#### GOAL OF THE EXERCISE:
Everything in the data below is left aside except the lines from the one containing "Research and Teaching" through the one containing "Bulletin des lois"; repeat those exactly.

#### EXERCISE DATA:
————

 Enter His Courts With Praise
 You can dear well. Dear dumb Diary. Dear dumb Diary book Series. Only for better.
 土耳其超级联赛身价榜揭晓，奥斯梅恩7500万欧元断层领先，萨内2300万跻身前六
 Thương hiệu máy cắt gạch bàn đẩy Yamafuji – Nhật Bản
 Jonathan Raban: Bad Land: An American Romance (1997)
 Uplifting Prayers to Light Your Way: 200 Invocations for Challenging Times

————

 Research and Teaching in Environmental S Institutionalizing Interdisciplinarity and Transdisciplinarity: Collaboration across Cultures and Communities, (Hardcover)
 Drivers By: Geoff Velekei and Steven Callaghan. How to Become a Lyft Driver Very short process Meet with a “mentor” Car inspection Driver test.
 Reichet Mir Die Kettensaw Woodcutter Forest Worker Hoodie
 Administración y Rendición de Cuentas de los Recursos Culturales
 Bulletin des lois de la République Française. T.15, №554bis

————

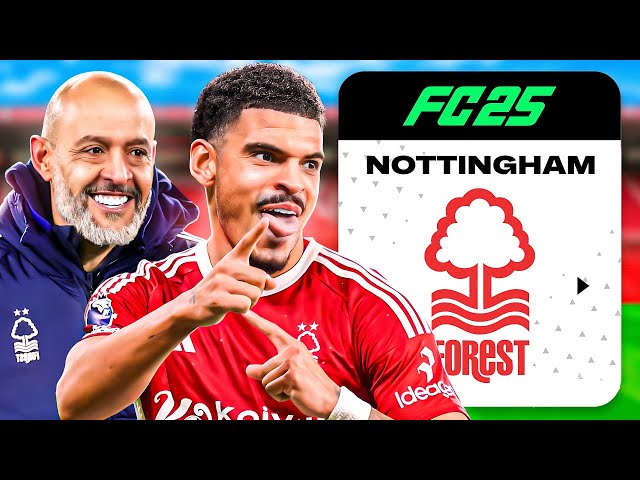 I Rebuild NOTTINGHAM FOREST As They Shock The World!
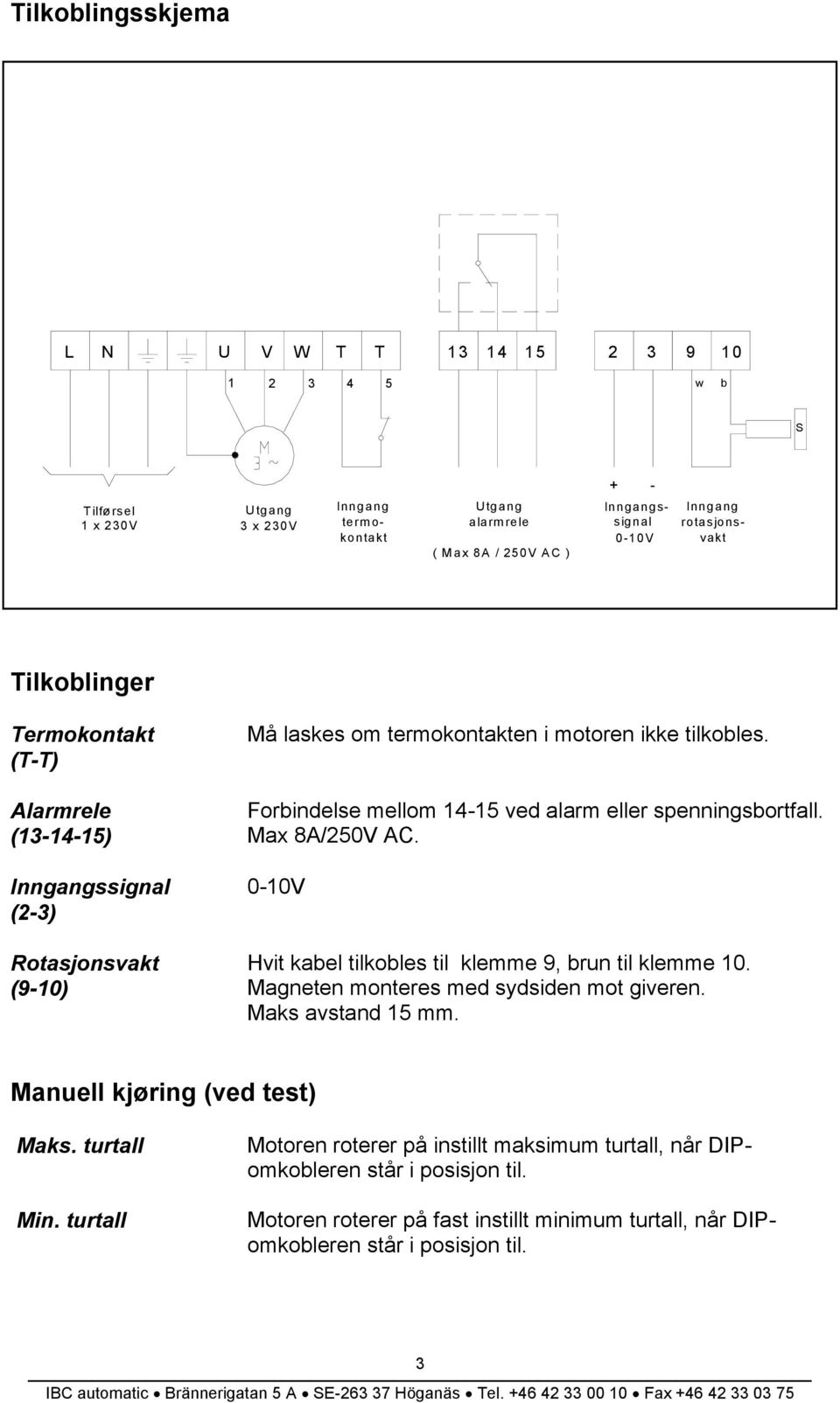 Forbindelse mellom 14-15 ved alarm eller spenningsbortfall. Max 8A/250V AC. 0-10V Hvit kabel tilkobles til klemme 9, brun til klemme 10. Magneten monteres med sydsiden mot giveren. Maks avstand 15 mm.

————

#### TASK OUTPUT:
 Research and Teaching in Environmental S Institutionalizing Interdisciplinarity and Transdisciplinarity: Collaboration across Cultures and Communities, (Hardcover)
 Drivers By: Geoff Velekei and Steven Callaghan. How to Become a Lyft Driver Very short process Meet with a “mentor” Car inspection Driver test.
 Reichet Mir Die Kettensaw Woodcutter Forest Worker Hoodie
 Administración y Rendición de Cuentas de los Recursos Culturales
 Bulletin des lois de la République Française. T.15, №554bis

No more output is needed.